Version: Candidate-4.1

SQL query

This topic provides answers to some frequently asked questions about SQL.

This error "fail to allocate memory." when I build a materialized view

To solve this problem, increase the value of the memory_limitation_per_thread_for_schema_change parameter in the be.conf file. This parameter refers to the maximum storage that can be allocated for a single task to change the scheme. The default value of the maximum storage is 2 GB.

Does StarRocks support caching query results?

StarRocks does not directly cache final query results. From v2.5 onwards, StarRocks uses the Query Cache feature to save the intermediate results of first-stage aggregation in the cache. New queries that are semantically equivalent to previous queries can reuse the cached computation results to accelerate computations. Query cache uses BE memory. For more information, see Query cache.
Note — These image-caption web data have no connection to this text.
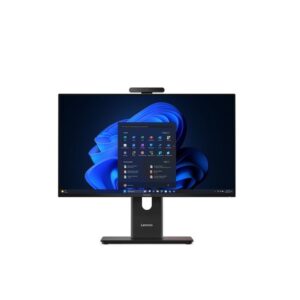 Lenovo ThinkCentre M70a Gen 6 Intel Core Ultra 5 225T 60,5 cm (23.8") 1920 x 1080 Pixeles PC todo en uno 16 GB DDR5-SDRAM 512 GB SSD Windows 11 Pro Wi-Fi 6E (802.11ax) Negro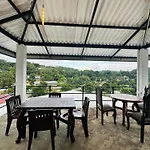 Mountain White Villa By Sunrise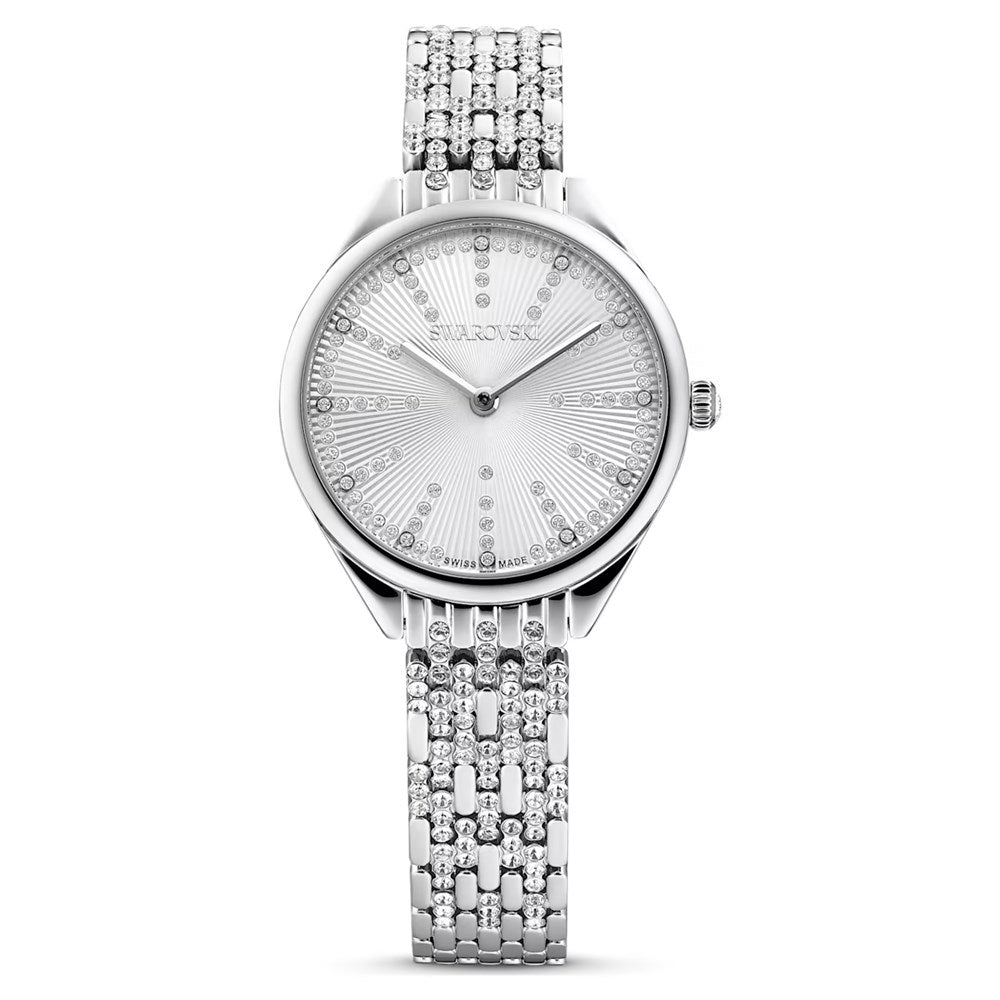 Swarovski Attract Silver Watch
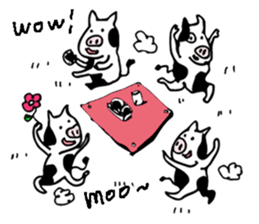 Just like a overturned toy box sticker sticker #7157791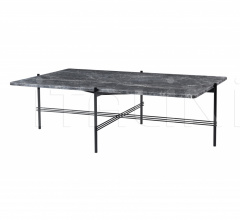 Журнальный столик TS Coffee Table - Square, 130x80 Журнальный столик TS Coffee Table - Square, 130x80 фабрика Gubi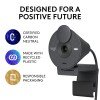 Logitech Brio 300 Full Hd Webcam with Privacy Shutter, Noise Reduction Microphone, USB-C, Certified for Zoom, Microsoft Teams, Google Meet, Auto Light Correction - Graphite - Digital Logitech Brio 300 Full Hd Webcam with Privacy Shutter, Noise Reduction Microphone, USB-C, Certified for Zoom, Microsoft Teams, Google Meet, Auto Light Correction - Graphite - Digital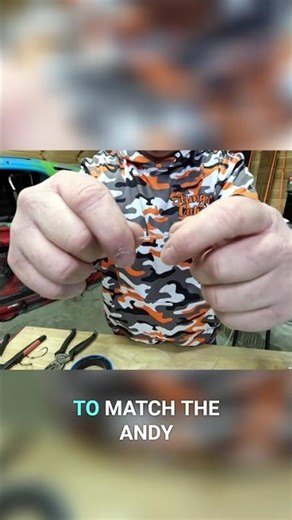DIY Aluminum Crimping Guide: Easy Swivel Attachment #shorts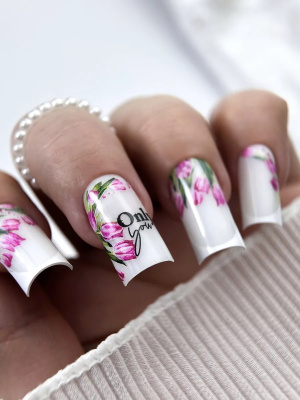 Слайдер Mezze набор Цветы из каталога Слайдеры MEZZE Наборы 8 шт, в интернет-магазине BPW.style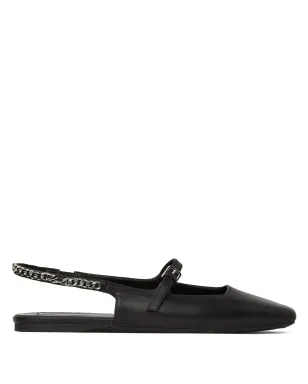 Karl Lagerfeld Konnie スリングバックフラット - サムネイル1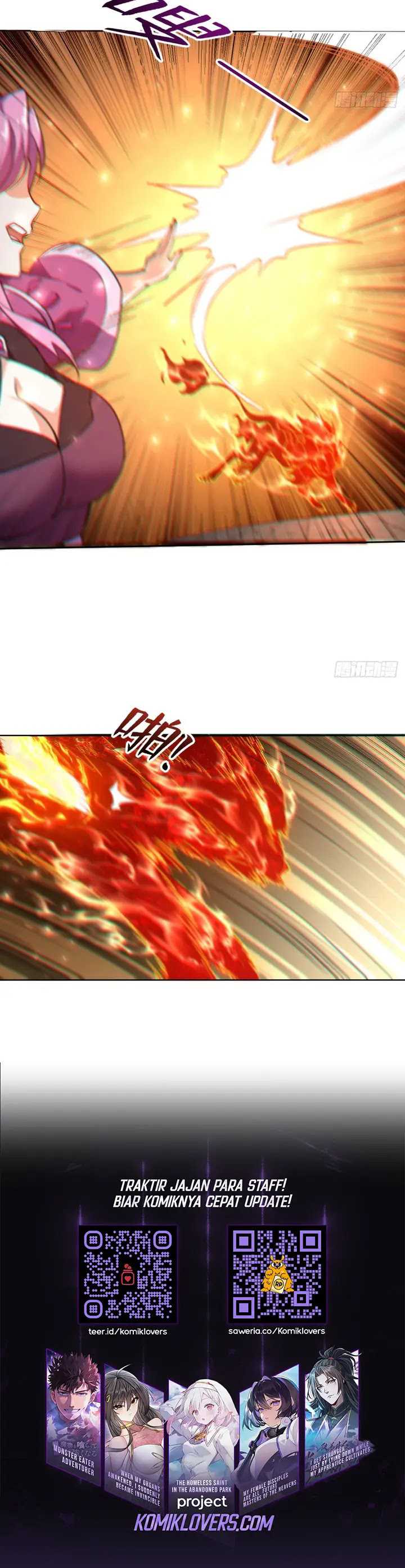 I Get Stronger Just by Lying Down While My Apprentice Cultivates Chapter 14 Gambar 13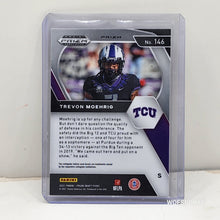 Load image into Gallery viewer, 2021 Panini Prizm Purple Wave Prizm Rookie Trevon Moehrig #146 Las Vegas Raiders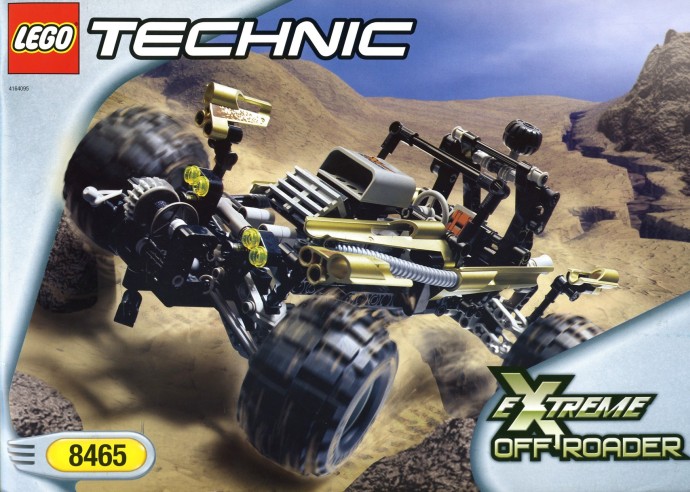 Конструктор LEGO (ЛЕГО) Technic 8465 Extreme Off Roader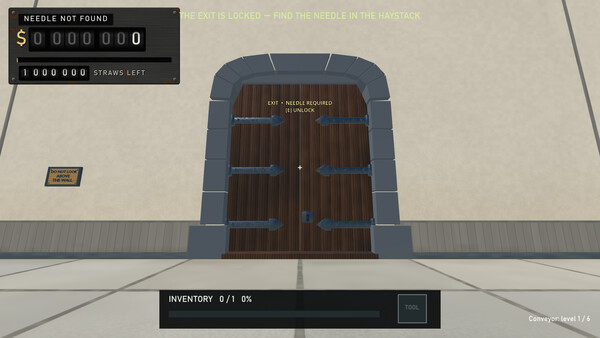 Needle: The 1% Challenge — 9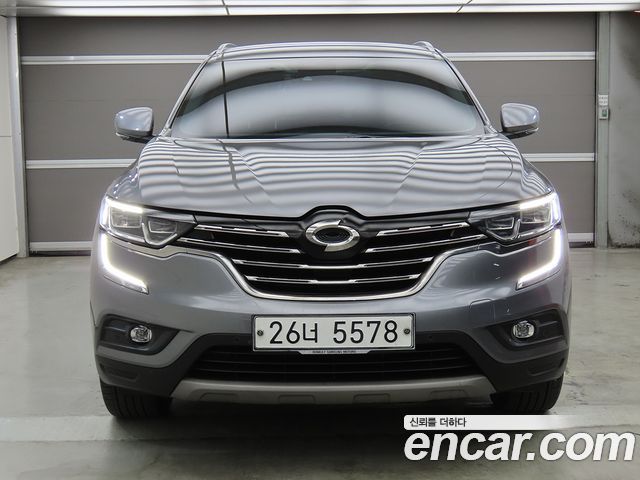 Renault (Samsung) QM6 из Кореи Encar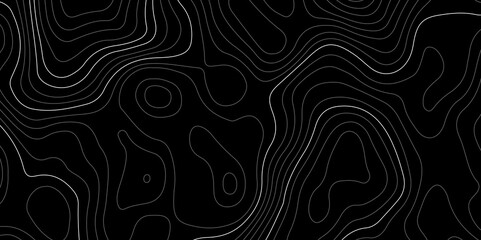Abstract topographic contour line map, topographic lines wave backdrop topology contour background.geographic mountain line map, 

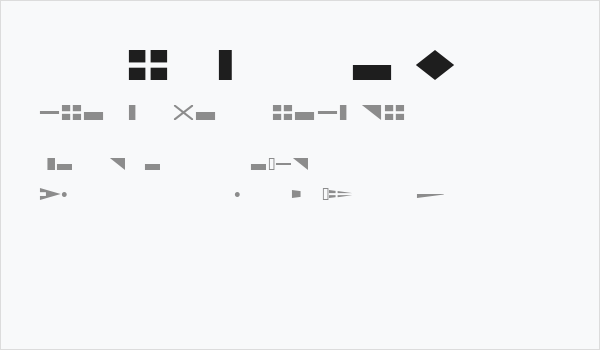 Maritime Flags Red Business Card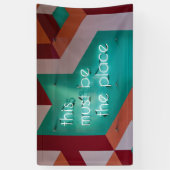 Banner van 90 x 150 cm (Verticaal)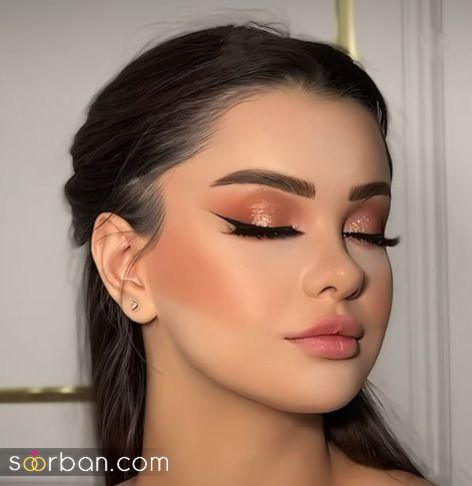 سایه چشم اکلیلی عروس | جدیدترین تکنیک ها برای سایه چشم اکلیلی عروس برای درخششی بی نظیر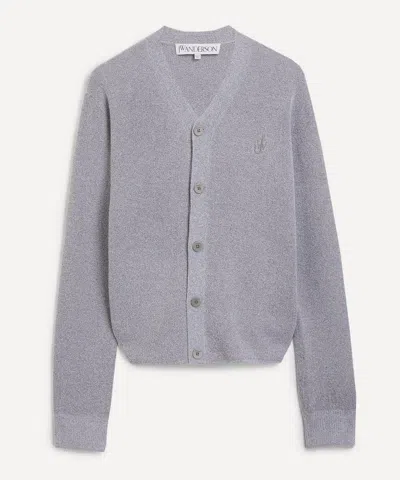Jw Anderson Mens Boucle Cardigan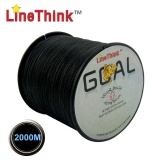 Linethink Brand 2000M 100% PE Braided Fishing Line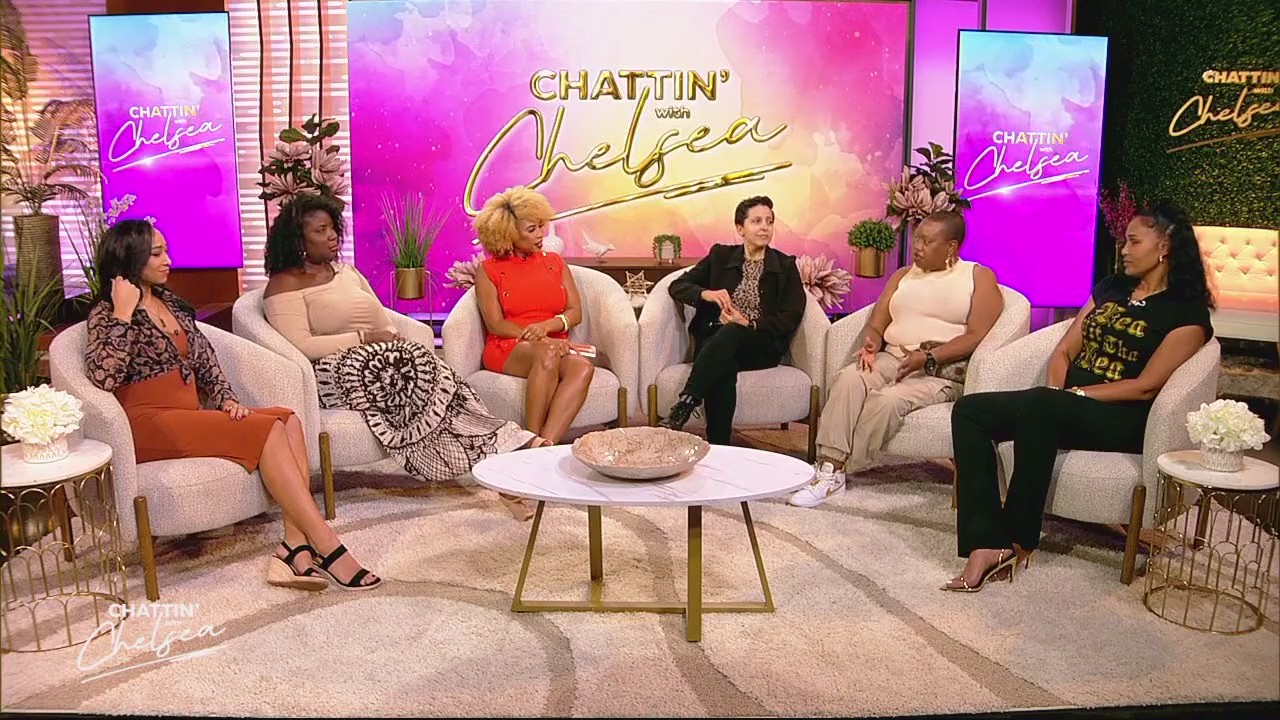 Chattin' With Chelsea: Women in comedy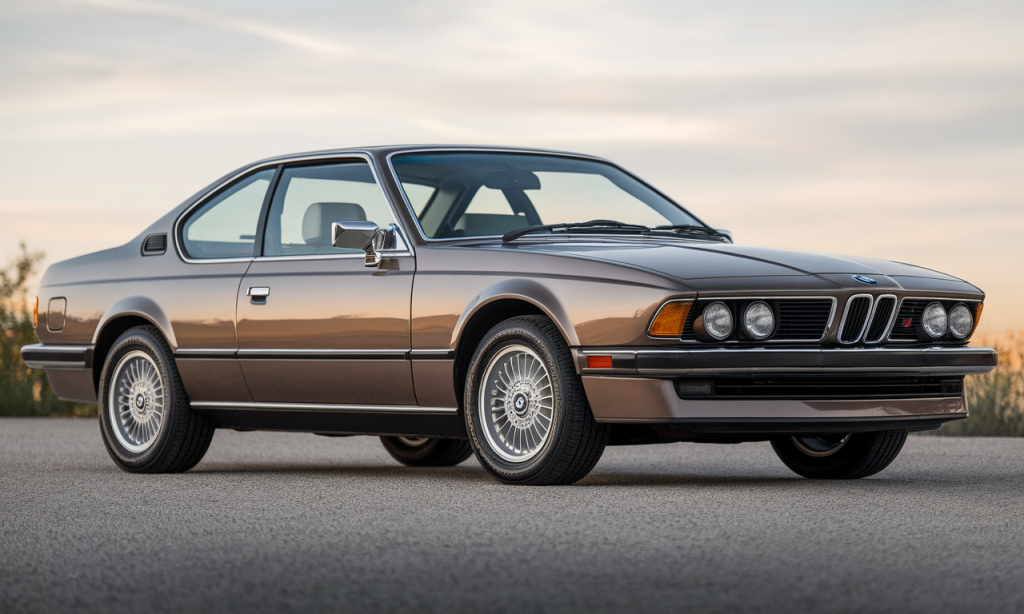BMW 635 CSI d'occasion, coupé sportif classique en excellent état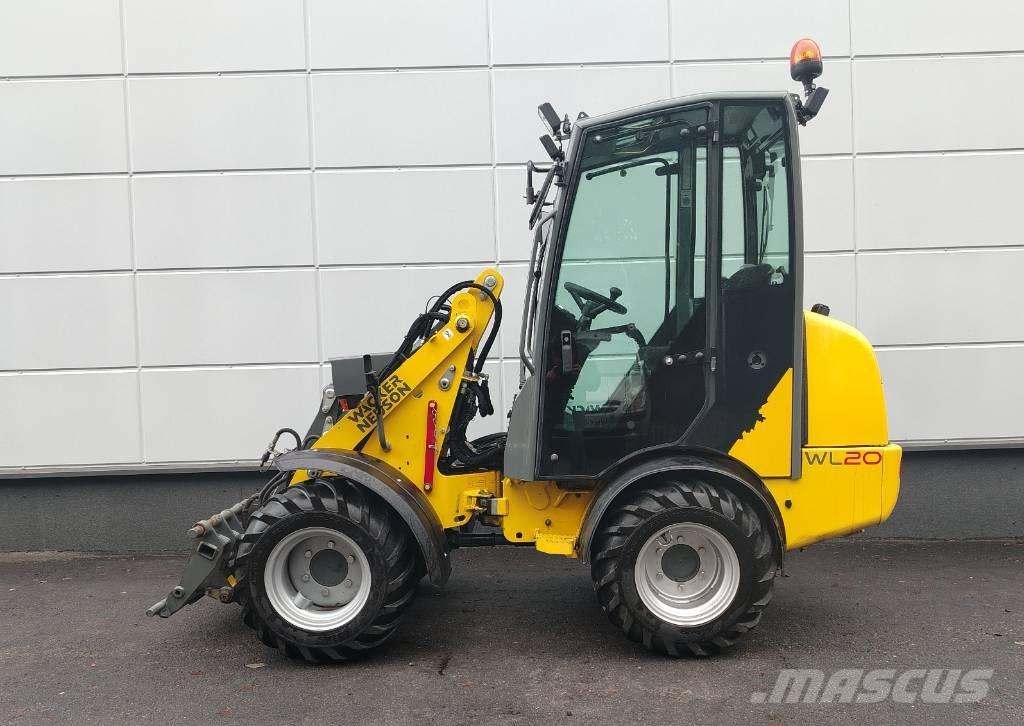 Wacker Neuson WL20 Mini incarcatoare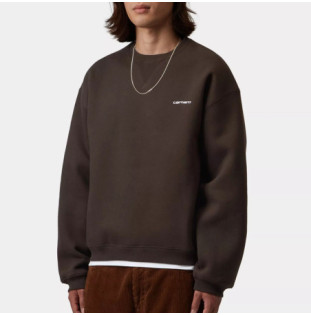 Sudadera Carhartt WIP: Ebbert Sweat (Tobacco White)
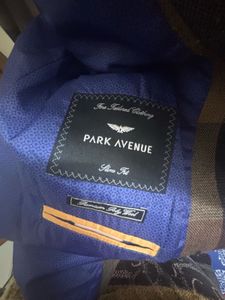 Park Avenue Plaid Blazer
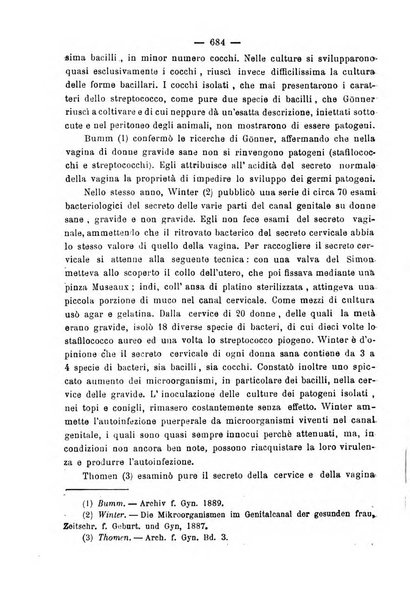 La rassegna d'ostetricia e ginecologia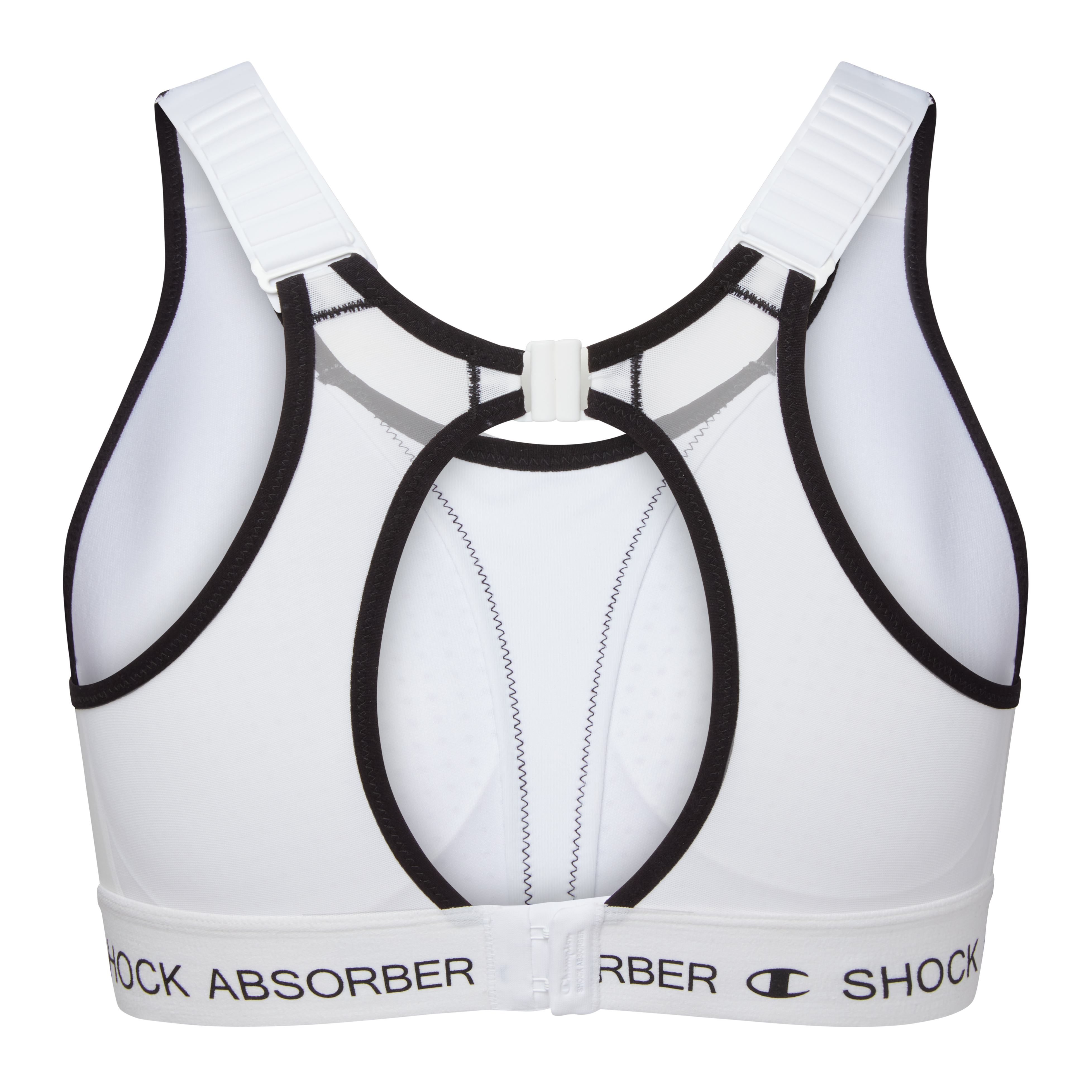Ultimate Run Bra Padded 06S7 White 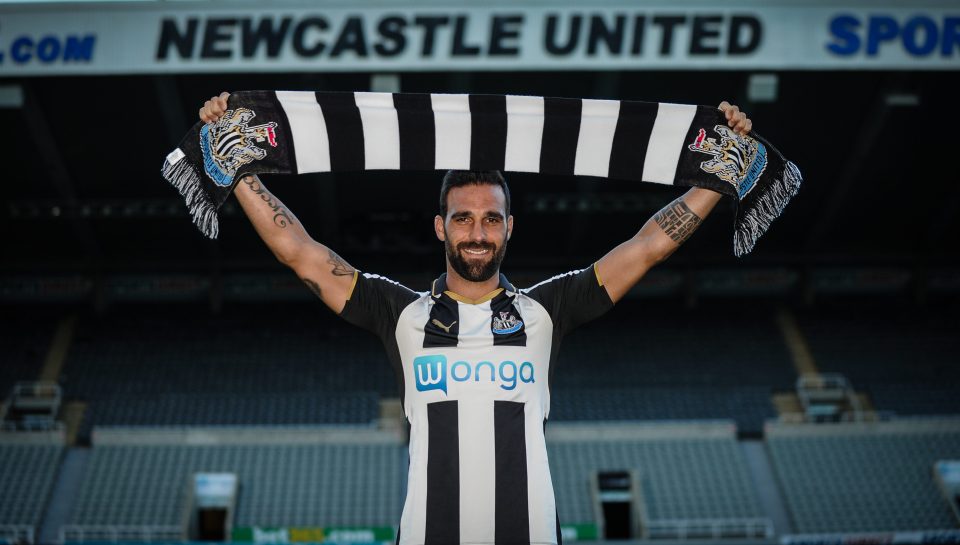 Newcastle United Unveil New Signing Jesus Gamez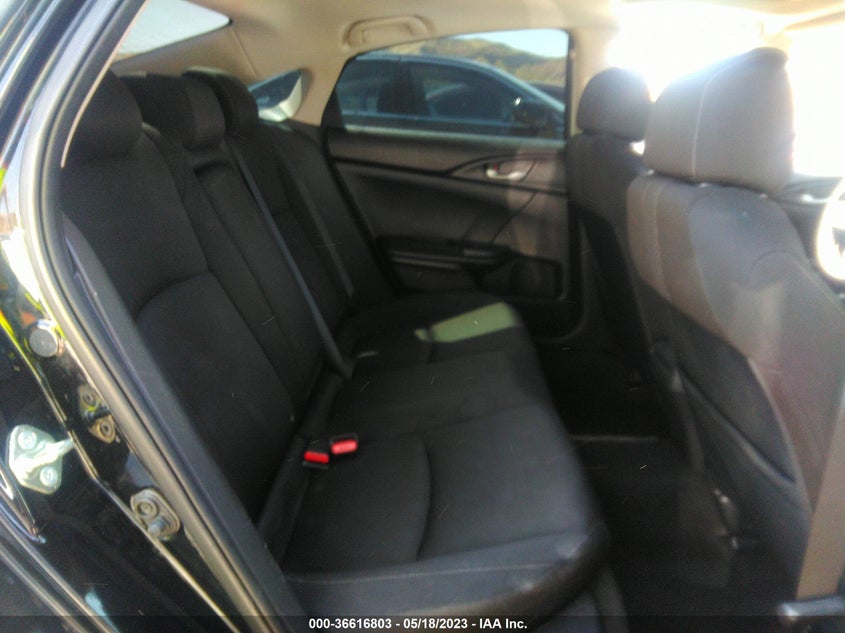 VIN 19XFC2F82HE014740 2017 HONDA CIVIC SEDAN EX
When a `Null` is included in the calculation, the calculation results of functions are false except for the ISNULL() function

In standard SQL, every calculation that includes an operand with a NULL value returns a NULL.

Does StarRocks support the DECODE function?

StarRocks does not support the DECODE function of the Oracle database. StarRocks is compatible with MySQL, so you can use the CASE WHEN statement.

Can the latest data be queried immediately after data is loaded into the Primary Key table of StarRocks?

Yes. StarRocks merges data in a way that references Google Mesa. In StarRocks, a BE triggers the data merge and it has two kinds of compaction to merge data. If the data merge is not completed, it is finished during your query. Therefore, you can read the latest data after data loading.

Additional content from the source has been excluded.